Note that mismatched ordering might really confuse the dump prefetching code, which IIRC assumes a consistent order of (page_id, rev_id). There are many perfectly 100% legit reasons for a later rev_id to have an earlier timestamp, chief among them: * import * restore from deletion (for things deleted prior to rev_id being stored in archive table, at least) as well as mundane things such as server clock skew.
So does anyone on this bug have any objections if I explicitly ORDER BY rev_id ASC at the end of that query? Is that going to kill performance or break some subtle thing in the dumps as they are now?
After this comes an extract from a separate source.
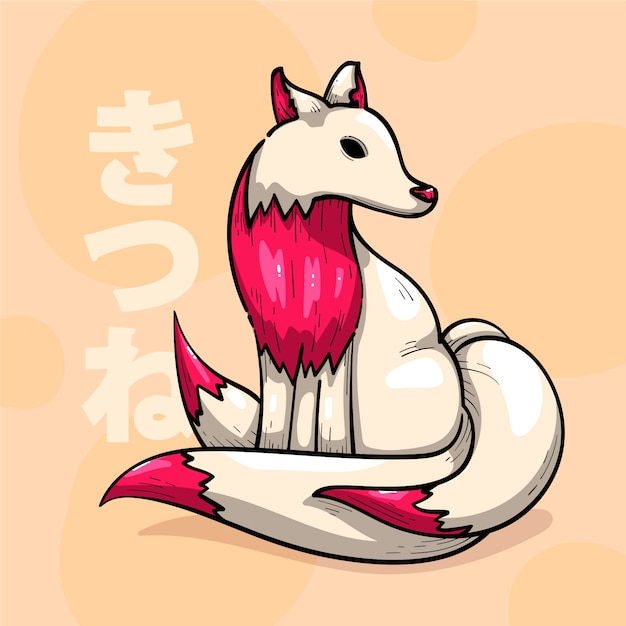 Free Vector hand drawn kitsune illustration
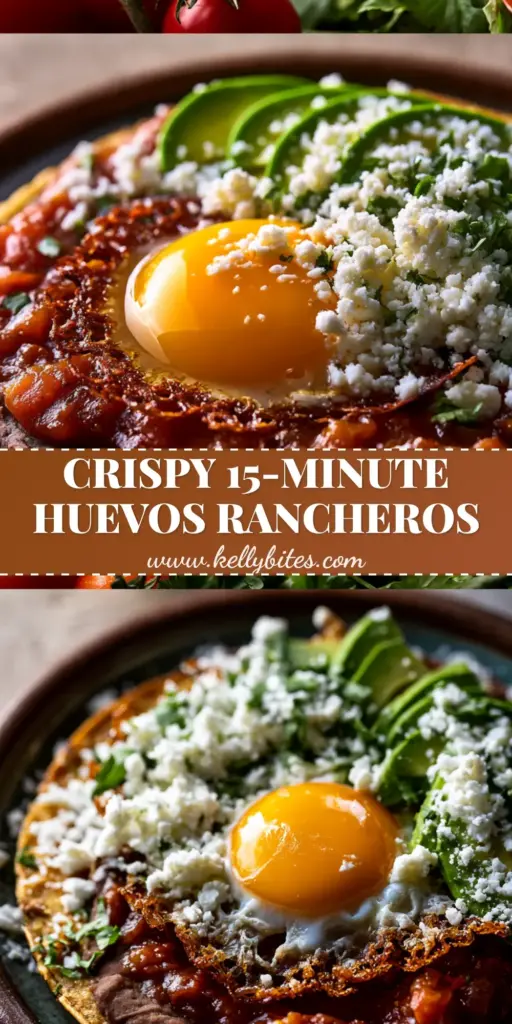 A close-up vertical shot of Huevos rancheros featuring a shattered-crisp tortilla, velvety black beans, and a liquid gold sunny-side-up egg with crispy lacy edges.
the explain doesn't look good, yuck: explain SELECT * FROM `page` INNER JOIN `revision` ON ((page_id=rev_page)) WHERE page_id >= 1157 AND page_id < 1158 ORDER BY page_id ASC, revision.rev_id ASC; +----+-------------+----------+-------+------------------------+---------+---------+---------------------+------+----------------------------------------------+ | id | select_type | table | type | possible_keys | key | key_len | ref | rows | Extra | +----+-------------+----------+-------+------------------------+---------+---------+---------------------+------+----------------------------------------------+ | 1 | SIMPLE | page | range | PRIMARY | PRIMARY | 4 | NULL | 1 | Using where; Using temporary; Using filesort | | 1 | SIMPLE | revision | ref | PRIMARY,page_timestamp | PRIMARY | 4 | elwiki.page.page_id | 9 | | +----+-------------+----------+-------+------------------------+---------+---------+---------------------+------+---------------- Prolly need to specify which key or something in here...
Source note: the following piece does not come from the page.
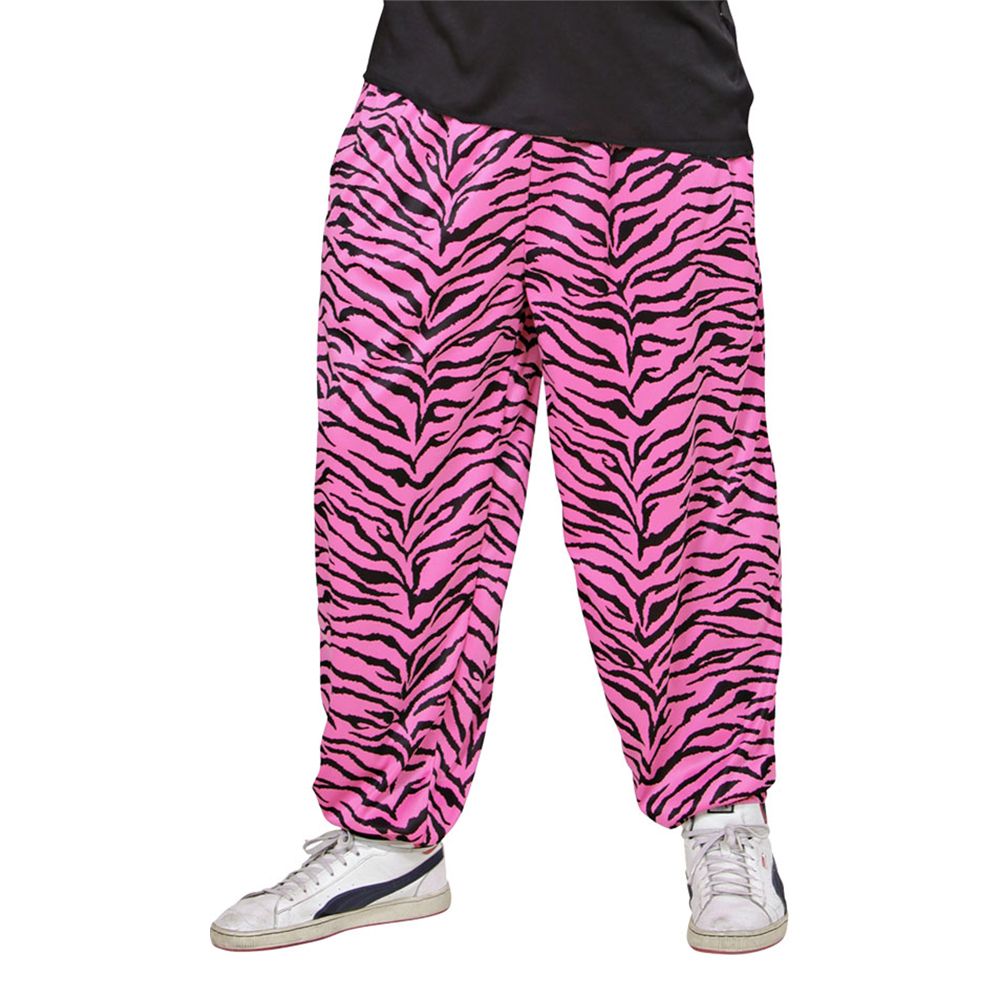 80-luvun Baggy Housut Zebra Vaaleanpunainen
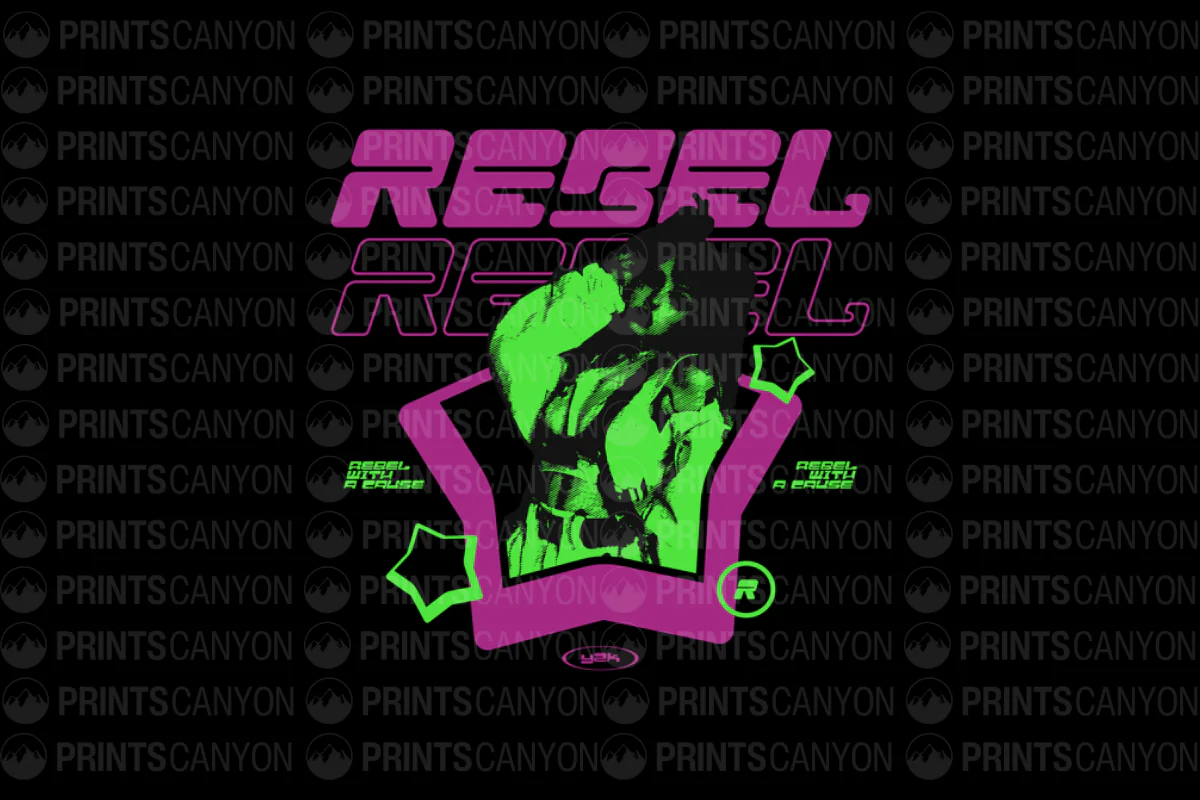 Rebel with a Cause Retro T-Shirt Design Printable Digital File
I assume the 'yuck' refers to temporary/filesort. Since the ORDER clause contains columns from both tables MySQL can't use an index for ordering. `revisions` has an index on rev_page,rev_id so doing both WHERE and ORDER on rev_* fields gives: explain SELECT * FROM `revision` JOIN `page` ON rev_page=page_id WHERE rev_page >= 1157 and rev_page < 1158 ORDER BY rev_page, rev_id\G *************************** 1. row *************************** id: 1 select_type: SIMPLE table: revision type: range possible_keys: PRIMARY,page_timestamp key: PRIMARY key_len: 4 ref: NULL rows: 1 Extra: Using where *************************** 2. row *************************** id: 1 select_type: SIMPLE table: page type: eq_ref possible_keys: PRIMARY key: PRIMARY key_len: 4 ref: enwiki.revision.rev_page rows: 1 Extra: Will the page_id range always be so small? Using a larger range causes the query optimizer to switch table join order and fall back on temporary/filesort again. We could force it with STRAIGHT_JOIN but at the risk of hitting far more rows...
It's possible to request a dump by arbitrary page range (and in fact that feature is used), so no, we can't guarantee that the range will be small, unfortunately. We really only need this for the stub dumps; maybe I can tailor the queries in that special case (yuck but less yuck than temporary/filesort).